Dataset records

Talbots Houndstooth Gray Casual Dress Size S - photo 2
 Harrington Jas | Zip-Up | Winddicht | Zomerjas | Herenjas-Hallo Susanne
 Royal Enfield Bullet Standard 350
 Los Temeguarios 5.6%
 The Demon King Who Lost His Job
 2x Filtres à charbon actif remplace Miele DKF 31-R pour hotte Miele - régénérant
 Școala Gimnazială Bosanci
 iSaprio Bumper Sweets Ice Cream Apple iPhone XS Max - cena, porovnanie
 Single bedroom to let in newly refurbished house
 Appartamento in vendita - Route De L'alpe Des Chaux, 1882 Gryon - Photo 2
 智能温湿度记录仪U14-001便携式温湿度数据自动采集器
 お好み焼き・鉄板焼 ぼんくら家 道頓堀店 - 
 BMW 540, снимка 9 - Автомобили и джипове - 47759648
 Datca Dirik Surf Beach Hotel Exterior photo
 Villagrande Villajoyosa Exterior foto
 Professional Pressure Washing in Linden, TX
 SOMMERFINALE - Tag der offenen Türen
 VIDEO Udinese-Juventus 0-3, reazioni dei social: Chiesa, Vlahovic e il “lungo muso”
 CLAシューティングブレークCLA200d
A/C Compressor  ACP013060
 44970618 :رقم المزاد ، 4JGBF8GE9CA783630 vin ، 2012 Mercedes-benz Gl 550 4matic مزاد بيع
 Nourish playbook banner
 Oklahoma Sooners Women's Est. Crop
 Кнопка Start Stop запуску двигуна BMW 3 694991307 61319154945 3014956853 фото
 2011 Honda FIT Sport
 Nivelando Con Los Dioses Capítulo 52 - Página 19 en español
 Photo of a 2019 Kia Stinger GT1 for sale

» **What is needed**: Repeat, exactly as they stand above, the lines from the line with "智能温湿度记录仪U14-001便携式温湿度数据自动采集器" to the line with "SOMMERFINALE - Tag der offenen Türen", both lines included.

» **Exercise output**:
 智能温湿度记录仪U14-001便携式温湿度数据自动采集器
 お好み焼き・鉄板焼 ぼんくら家 道頓堀店 - 
 BMW 540, снимка 9 - Автомобили и джипове - 47759648
 Datca Dirik Surf Beach Hotel Exterior photo
 Villagrande Villajoyosa Exterior foto
 Professional Pressure Washing in Linden, TX
 SOMMERFINALE - Tag der offenen Türen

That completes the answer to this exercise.